ZFIN ID: ZDB-PUB-200422-8
Photoconvertible fluorescent proteins: A versatile tool in zebrafish skeletal imaging
Bek, J.W., De Clercq, A., De Saffel, H., Soenens, M., Huysseune, A., Witten, P.E., Coucke, P., Willaert, A.
Date: 2020
Source: Journal of Fish Biology   98(4): 1007-1017 (Journal)
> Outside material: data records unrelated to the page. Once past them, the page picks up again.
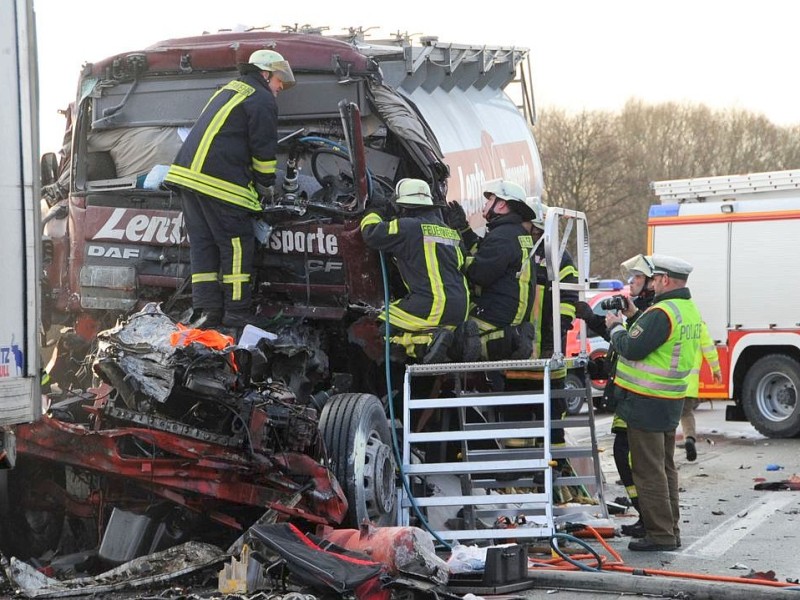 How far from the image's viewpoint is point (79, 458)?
6.09 m

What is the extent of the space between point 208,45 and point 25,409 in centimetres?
410

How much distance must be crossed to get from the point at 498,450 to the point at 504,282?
1.14 metres

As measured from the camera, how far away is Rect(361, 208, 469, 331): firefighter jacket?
312 inches

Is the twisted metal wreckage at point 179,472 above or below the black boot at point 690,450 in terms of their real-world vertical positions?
above

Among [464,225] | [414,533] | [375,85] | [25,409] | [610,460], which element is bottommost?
[610,460]

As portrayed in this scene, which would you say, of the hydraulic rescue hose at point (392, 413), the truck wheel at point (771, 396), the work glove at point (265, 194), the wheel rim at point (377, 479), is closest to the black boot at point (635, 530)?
the hydraulic rescue hose at point (392, 413)

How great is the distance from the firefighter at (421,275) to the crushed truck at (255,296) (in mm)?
167

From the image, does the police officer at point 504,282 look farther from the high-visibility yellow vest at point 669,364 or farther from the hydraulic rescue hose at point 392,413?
the high-visibility yellow vest at point 669,364

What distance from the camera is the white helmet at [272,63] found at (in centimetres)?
808

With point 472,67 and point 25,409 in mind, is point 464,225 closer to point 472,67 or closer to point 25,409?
point 472,67

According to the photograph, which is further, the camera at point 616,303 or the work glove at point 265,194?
the camera at point 616,303

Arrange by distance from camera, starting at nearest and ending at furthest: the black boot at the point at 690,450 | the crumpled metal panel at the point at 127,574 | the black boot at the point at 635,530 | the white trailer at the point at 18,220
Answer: the white trailer at the point at 18,220 < the crumpled metal panel at the point at 127,574 < the black boot at the point at 635,530 < the black boot at the point at 690,450

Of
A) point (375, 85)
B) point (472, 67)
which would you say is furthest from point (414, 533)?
point (472, 67)

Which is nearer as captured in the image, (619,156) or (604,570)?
(604,570) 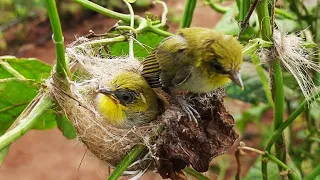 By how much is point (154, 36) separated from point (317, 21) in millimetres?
639

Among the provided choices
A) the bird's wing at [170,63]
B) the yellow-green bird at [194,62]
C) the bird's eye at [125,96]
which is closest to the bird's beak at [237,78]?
the yellow-green bird at [194,62]

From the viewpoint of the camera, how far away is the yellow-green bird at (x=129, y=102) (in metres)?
1.04

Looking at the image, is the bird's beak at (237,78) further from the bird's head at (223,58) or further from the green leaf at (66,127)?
the green leaf at (66,127)

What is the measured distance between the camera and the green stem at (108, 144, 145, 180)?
0.86 metres

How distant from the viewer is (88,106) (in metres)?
0.96

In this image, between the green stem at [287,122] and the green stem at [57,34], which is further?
the green stem at [287,122]

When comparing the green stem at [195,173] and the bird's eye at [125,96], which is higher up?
the bird's eye at [125,96]

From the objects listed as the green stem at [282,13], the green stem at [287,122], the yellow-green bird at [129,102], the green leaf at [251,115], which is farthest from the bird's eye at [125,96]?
the green leaf at [251,115]

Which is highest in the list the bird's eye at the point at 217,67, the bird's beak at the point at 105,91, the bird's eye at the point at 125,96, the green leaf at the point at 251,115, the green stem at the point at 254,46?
the green stem at the point at 254,46

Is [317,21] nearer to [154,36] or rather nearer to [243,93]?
[243,93]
Registered Authors: Coucke, Paul, Huysseune, Ann, Willaert, Andy, Witten, P. Eckhard
Keywords: Kaede, Photoconvertible fluorescent protein, Zebrafish, osterix, skeletal imaging
MeSH Terms:
  • Animals
  • Animals, Genetically Modified
  • Fluorescent Dyes/metabolism
  • Green Fluorescent Proteins/genetics
  • Green Fluorescent Proteins/metabolism
  • Luminescent Proteins/genetics*
  • Luminescent Proteins/metabolism*
  • Optical Imaging*
  • Zebrafish/metabolism*
  • Zebrafish Proteins/genetics
  • Zebrafish Proteins/metabolism
PubMed: 32242924 Full text @ J. Fish Biol.
ABSTRACT
One of the most frequently applied techniques in zebrafish (D. rerio) research is the visualisation or manipulation of specific cell populations using transgenic reporter lines. The generation of these transgenic zebrafish, displaying cell- or tissue- specific expression of frequently used fluorophores such as GFP or mCherry, is relatively easy with modern techniques. Fluorophores with different emission wavelengths and driven by different promoters can be monitored simultaneously in the same animal. Photoconvertible fluorescent proteins (pcFPs) are different from these standard fluorophores because their emission spectrum is changed when exposed to UV-light, a process called photoconversion. Here, we illustrate the benefits and versatility of using pcFPs for both single and dual fluorochrome imaging in zebrafish skeletal research in a previously generated osx:Kaede transgenic line. In this line, Kaede, which is expressed under control of the osterix, otherwise known as sp7, promoter thereby labelling immature osteoblasts, can switch from green to red fluorescence upon irradiation with UV-light. First, we demonstrate that osx:Kaede shows an expression pattern similar to a previously described osx:nuGFP transgenic line in both larval and adult stages, hereby validating the use of this line for the imaging of immature osteoblasts. More in-depth experiments highlight different applications for osx:Kaede, such as lineage tracing and its combined use with in vivo skeletal staining and other transgenic backgrounds. Mineral staining in combination with osx:Kaede confirms osteoblast independent mineralisation of the notochord. Osteoblast lineage tracing reveals migration and dedifferentiation of scleroblasts during fin regeneration. Finally, we show that combining two transgenics, osx:Kaede and osc:GFP with similar emission wavelengths is possible when using a pcFP such as Kaede. This article is protected by copyright. All rights reserved.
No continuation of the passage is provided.